Il suffit de jeter un coup d’oeil sur les titres de l’album pour être édifié. « Sucre ma bête » entame l’album sur un rythme syncopé complètement hors norme et le trio s’en donne à coeur joie. Il y a à la fois du jazz, de la musique world et de l’improvisation noisy dans ce morceau faussement désuet et très structuré. Quant à « Dimanchemartin », c’est une improvisation sur un thème musical choisi avec soin et c’est tout sauf du n’importe quoi. C’est même tout un programme savamment agencé et joué avec une aisance déconcertante. De nouveau, le groupe mélange les styles et les rythmes pour mieux surprendre, tout en suivant les règles du genre.

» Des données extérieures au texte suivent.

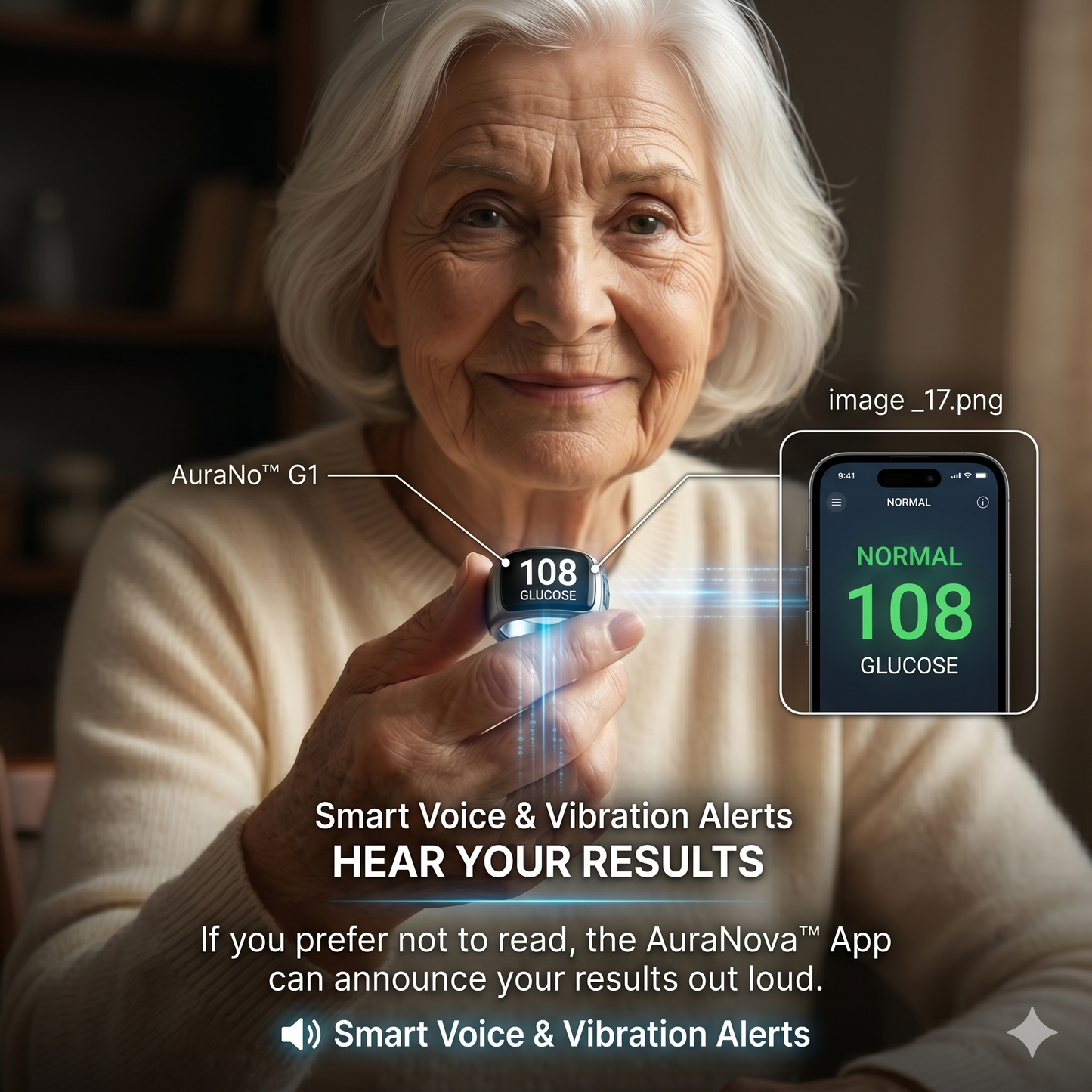 🎉 70% OFF Launch Offer🏆AuraNova™ G1 Non-Invasive Smart Ring+ AI-powered health companion on your finger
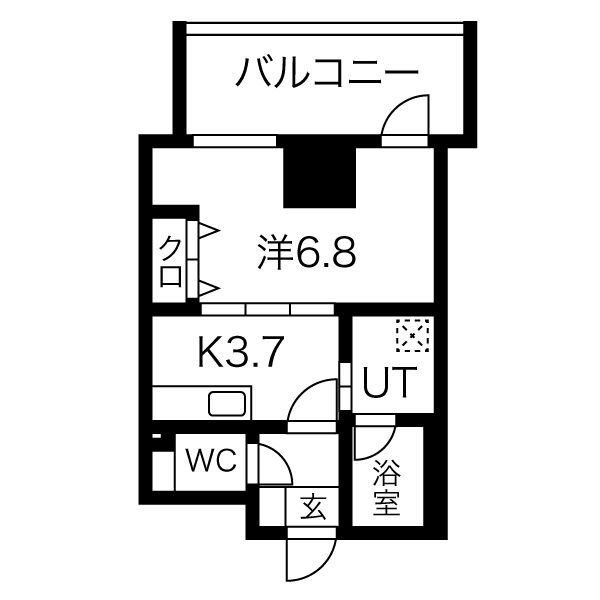 810の間取り図
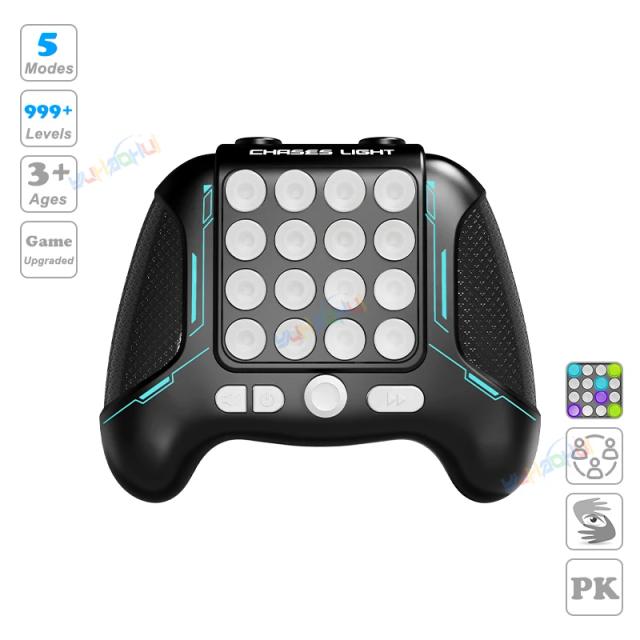Chases Light Game Console Brinquedos Eletrônicos Pop Light Up Game Handle Toys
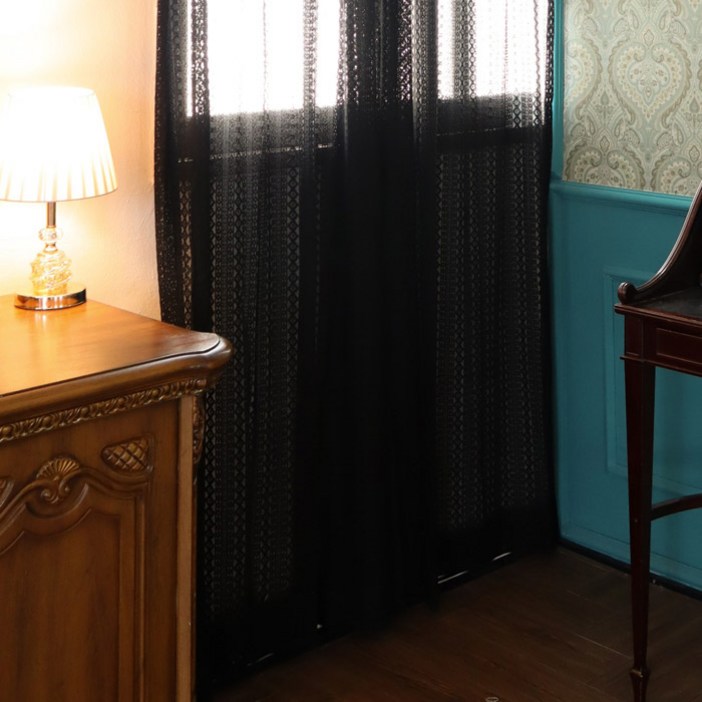 데바 빈티지 레이스 커튼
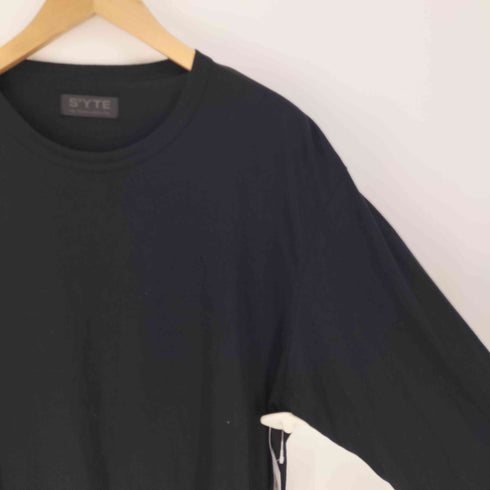 サイトバイヨウジヤマモト syte by Yohji Yamamoto 24AW SOFT JERSEY BORO APPLIQUE SIDE SLIT LONG-SLEEVED T-SHIRT メンズ JPN:3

Le troisième morceau s’intitule « 04 ». On s’en serait douté, le trio ne sait rien faire comme tout le monde mais ce n’est jamais gratuit. « Je ne sais plus faire les divisions… » de l’album précédent trouve son pendant avec « …ni les équations » sur le présent album. C’est de la fausse déstructuration saccadée établie par la volonté de la rythmique et ce caractère répétitif devient hypnotique mais à chaque répétition très marquée correspond un changement de rythme qui brouille les pistes. Déroutant et brillant !
On se dirige ainsi vers « Sirosport », un morceau caractérisé par le même souci de briser le rythme dès qu’il devient patent. On en éprouve même une impression de procédé mécanique mais à chaque fois, le trio redémarre dans un autre sens. Sans être une musique pour intellos, elle demande plusieurs écoutes pour livrer sa substance. « Bandit manchot » est tout aussi compliqué. Ici, ce sont les riffs de guitare combinés au rythme trépidant de la batterie qui marquent le tempo, quand vient enfin la basse, peu mise en évidence sauf sur ce morceau qui ne manque pourtant pas de redondances avec les précédents.
« Non, rien » n’a en effet pas grand-chose à offrir en un laps de temps si court.
Et puis il y a un titre écrit en néerlandais : « Waar het om gaat », en hommage à un groupe néerlandais avec qui le groupe est parti en tournée. C’est un morceau, très bien construit qui fait plus de sept minutes et se termine dans une débauche de bruit et de fureur. Après un blanc de trois minutes, on a droit à un titre bonus dont les instruments évoquent la Chine, le pays à la mode. C’est sur ce bonus qu’on entend les premières paroles, tout à la fin.
Bon album qui devrait plaire aux amateurs de math rock, de post rock et de rock expérimental.